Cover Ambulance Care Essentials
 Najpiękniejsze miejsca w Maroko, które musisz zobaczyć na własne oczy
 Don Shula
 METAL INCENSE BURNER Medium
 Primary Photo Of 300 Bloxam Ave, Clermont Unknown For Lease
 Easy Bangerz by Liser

> Exercise instructions: What is needed is an exact copy of every record above.

> Answer below:
Cover Ambulance Care Essentials
 Najpiękniejsze miejsca w Maroko, które musisz zobaczyć na własne oczy
 Don Shula
 METAL INCENSE BURNER Medium
 Primary Photo Of 300 Bloxam Ave, Clermont Unknown For Lease
 Easy Bangerz by Liser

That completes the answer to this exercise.